In combination, these two considerations-organizational agenda and the winnowing of complex data into sound bites-can be a disservice to the very students the ranking organizations wish to help.
Rankings reflect opinions about what matters in higher education and how well colleges meet presumed obligations. They are also, candidly, often a vehicle to draw attention-and web clicks-to organizations' agenda, which run the gamut from educational to political to commercial to controversy for controversy's sake. (When US News started its rankings, for example, they were a small item in the print magazine. The print magazine is long defunct, but the web site draws more than 10 million visitors for whom the first stop is most often one of the ranking lists, the number of which grows almost annually.) Methodology runs the gamut as well, from data-driven algorithms to anecdotes offered by individuals who may or may not be students, and may or may not even attend the school in question. The result of such variety in both philosophy and rigor is that no school—not a single one—appears at or near the top of every ranking, nor is there any guarantee that doing well one year means doing well the next.
Colleges have a choice. They can dismiss all rankings on methodological grounds. They can expend time and resources improving placement on a select few. Or they can focus on aspects of the various lists that, overall rank notwithstanding, resonate with campus mission and priorities. Which of these metrics matter to us?
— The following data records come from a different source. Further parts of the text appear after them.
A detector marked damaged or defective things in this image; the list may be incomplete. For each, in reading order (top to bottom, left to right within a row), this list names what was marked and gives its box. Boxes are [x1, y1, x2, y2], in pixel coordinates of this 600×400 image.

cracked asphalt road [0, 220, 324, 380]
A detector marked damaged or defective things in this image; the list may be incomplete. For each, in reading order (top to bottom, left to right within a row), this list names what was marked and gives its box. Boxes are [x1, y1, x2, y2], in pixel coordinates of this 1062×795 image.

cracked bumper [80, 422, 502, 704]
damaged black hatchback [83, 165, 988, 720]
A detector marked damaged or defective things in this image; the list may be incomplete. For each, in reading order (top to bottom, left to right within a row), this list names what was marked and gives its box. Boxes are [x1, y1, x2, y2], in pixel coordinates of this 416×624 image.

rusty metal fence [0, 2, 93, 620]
What can we learn from this comparison with our peers? With whom do we share proximity on the list?
Davidson asks these questions every time a rankings list is released. We take a critical look at methodology, and we assess the reliability of what is being measured. We take particular note of where Davidson is relative to schools with similar missions and resources. We are mindful that prospective students, donors, and alumni are unlikely to have delved into the often hard-to-find explanations of data collection and calculation, and that there is a fine line to walk between shining an objective light on those issues and defensively downgrading their impact.
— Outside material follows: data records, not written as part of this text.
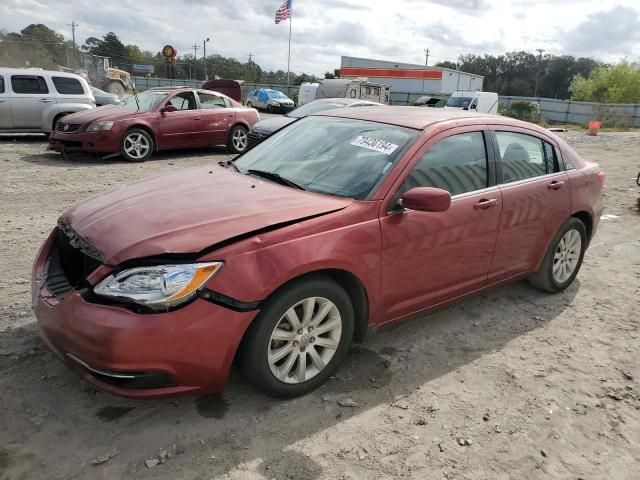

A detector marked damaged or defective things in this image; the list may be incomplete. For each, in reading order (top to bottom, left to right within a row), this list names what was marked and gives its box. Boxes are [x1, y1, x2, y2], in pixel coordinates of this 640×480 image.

crumpled hood [61, 106, 155, 126]
crumpled hood [61, 165, 350, 262]
broken headlight [94, 262, 224, 308] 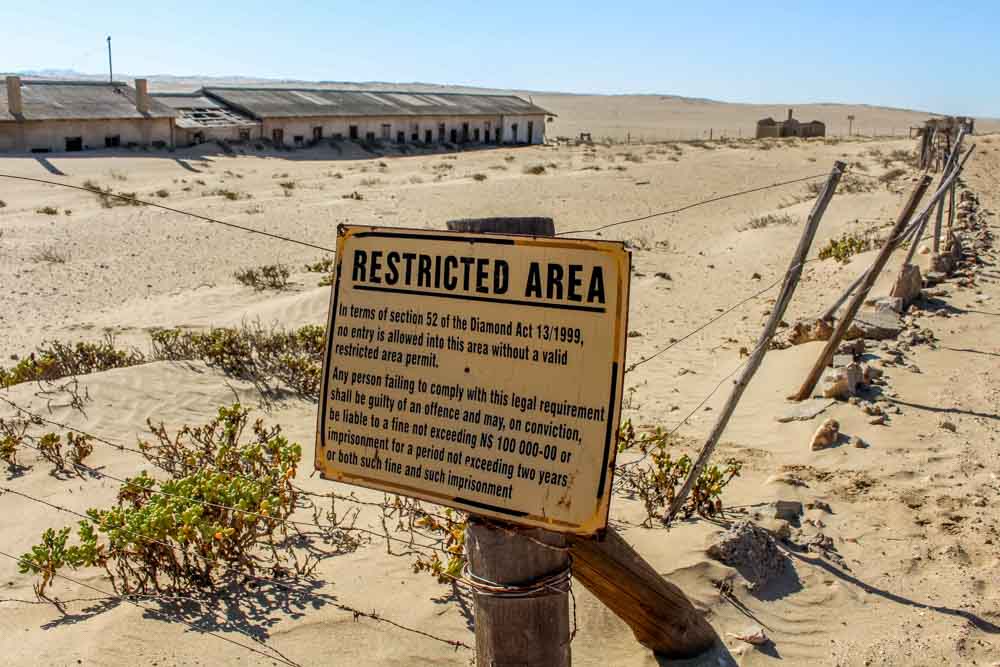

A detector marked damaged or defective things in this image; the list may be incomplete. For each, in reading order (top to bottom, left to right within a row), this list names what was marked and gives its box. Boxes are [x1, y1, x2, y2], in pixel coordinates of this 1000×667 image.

rusty metal sign [316, 227, 628, 536] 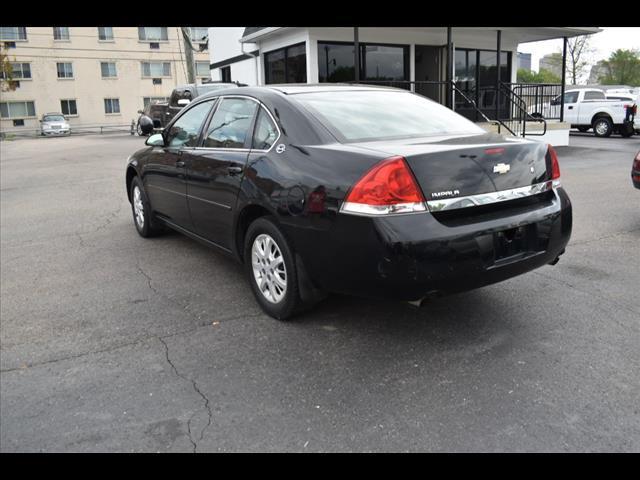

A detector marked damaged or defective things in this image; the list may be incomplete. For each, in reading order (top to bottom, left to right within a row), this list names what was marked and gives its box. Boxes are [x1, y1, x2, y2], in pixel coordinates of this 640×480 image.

pavement crack [157, 336, 212, 452] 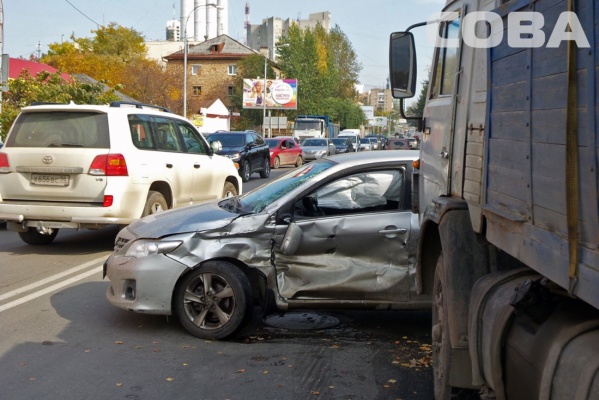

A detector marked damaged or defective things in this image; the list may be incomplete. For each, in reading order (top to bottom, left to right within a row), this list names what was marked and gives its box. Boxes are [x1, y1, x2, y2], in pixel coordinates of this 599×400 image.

damaged silver sedan [104, 149, 432, 338]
The most productive approach Davidson can take to the proliferation of rankings is to have a solid understanding of what each of these organizations hopes to accomplish, a firm grasp on campus priorities and whether or not they are truly reflected in any particular ranking, the means for conveying accurate information to its various constituencies, and the standing to give invalid conclusions only the weight they deserve.
This last is critical. Schools that have complained most publicly about their own rankings have been, almost without exception, schools whose company Davidson does not wish to keep. The top schools, on the other hand, can say, "this is not a list to which we aspire" or to greet inclusion among highly ranked schools with "we are pleased to be recognized as part of this group." Davidson is privileged to be counted among the schools able to dedicate time and resources not to what a rankings organization tells us matters but to what the college knows matters, to its mission, to its aspirations, and to its students.
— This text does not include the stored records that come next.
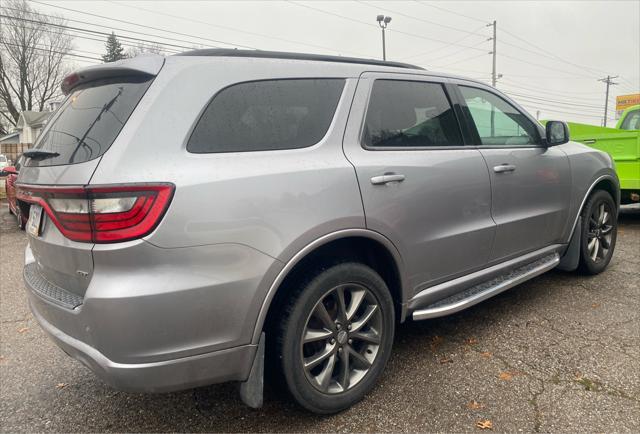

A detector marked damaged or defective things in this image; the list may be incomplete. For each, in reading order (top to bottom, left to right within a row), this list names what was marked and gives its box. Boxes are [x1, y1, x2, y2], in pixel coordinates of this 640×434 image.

cracked asphalt [0, 202, 636, 432] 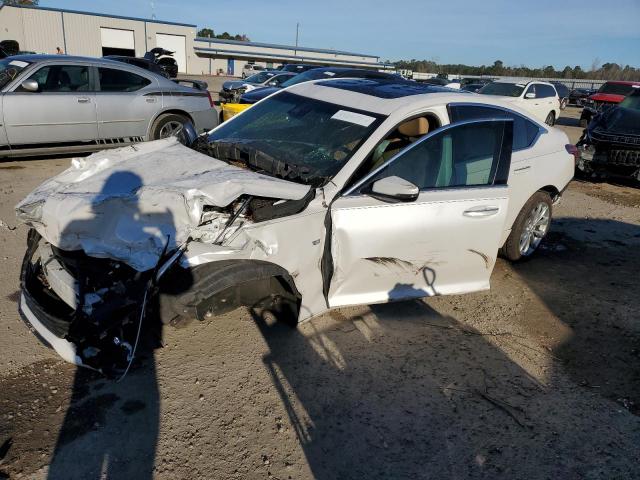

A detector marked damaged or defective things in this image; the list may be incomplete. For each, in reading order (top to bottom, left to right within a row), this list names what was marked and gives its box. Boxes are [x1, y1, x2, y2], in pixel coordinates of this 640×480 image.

shattered windshield [0, 58, 31, 90]
shattered windshield [205, 91, 384, 187]
severely damaged car [576, 88, 640, 182]
red damaged vehicle [580, 81, 640, 128]
severely damaged car [16, 78, 576, 372] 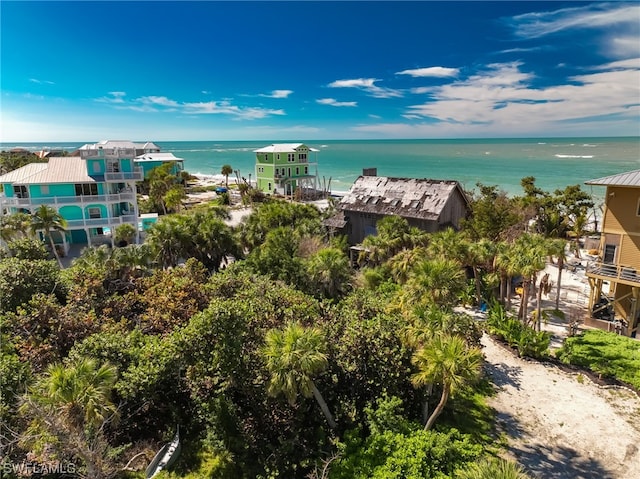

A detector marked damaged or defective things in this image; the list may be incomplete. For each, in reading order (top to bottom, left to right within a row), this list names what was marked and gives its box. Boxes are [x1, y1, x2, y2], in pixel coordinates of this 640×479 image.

rusty metal roof [338, 176, 468, 221]
rusty metal roof [584, 169, 640, 188]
That said, prospective Davidson students are not helped by a dry reiteration of methodology. Nor does the college want to appear to be dismissive or defensive when asked about rankings that grab the attention of the media.
The alphabetical listing of the better known rankings are below, accompanied by brief descriptions.
American Council of Trustees and Alumni (ACTA)
Background: ACTA's mission includes ensuring that "the next generation receives a philosophically rich, high-quality education at an affordable price." This translates into some pretty strongly held beliefs about what constitutes an appropriate course of study for college students. Colleges that do well on the ACTA rankings have core curricula or general education requirements that include U.S. history, economics, and survey courses (that is, an introductory literature class rather than one focused on a particular literary topic, genre, or author). In order to receive credit for a composition requirement, it must be at the introductory level and include grammar; writing-intensive and writing-across-the-curriculum are explicitly excluded. ACTA only recently removed a required course in Shakespeare as a criterion of excellence. Schools are assigned letter grades that reflect how closely they meet the ACTA definitions of quality. Since the criteria for doing well on the ACTA rankings are rather proscriptive, they are also inconsistent with some aspects of Davidson's educational philosophy. It would require a fundamental shift in academic requirements to receive a grade of A from ACTA (and, in fact, only 22 of the 1,091 schools rated received one). It is also worth noting that Davidson's peers, the Ivies, and most of the colleges and universities widely recognized for their academic quality tend to do very poorly. Amherst, Bowdoin, and Berkeley were among the schools receiving an F from ACTA in 2013. Williams and Harvard received a D. Dartmouth joined Davidson with a grade of B. Schools that qualify for an A grade tend to be less selective and more fundamentally religious. All that counts toward the ACTA grade are the schools' core curriculum or general education requirements. It is possible for a school to receive a grade of A while graduating less than 30% of its students, as do Kennesaw State University and Colorado Christian College.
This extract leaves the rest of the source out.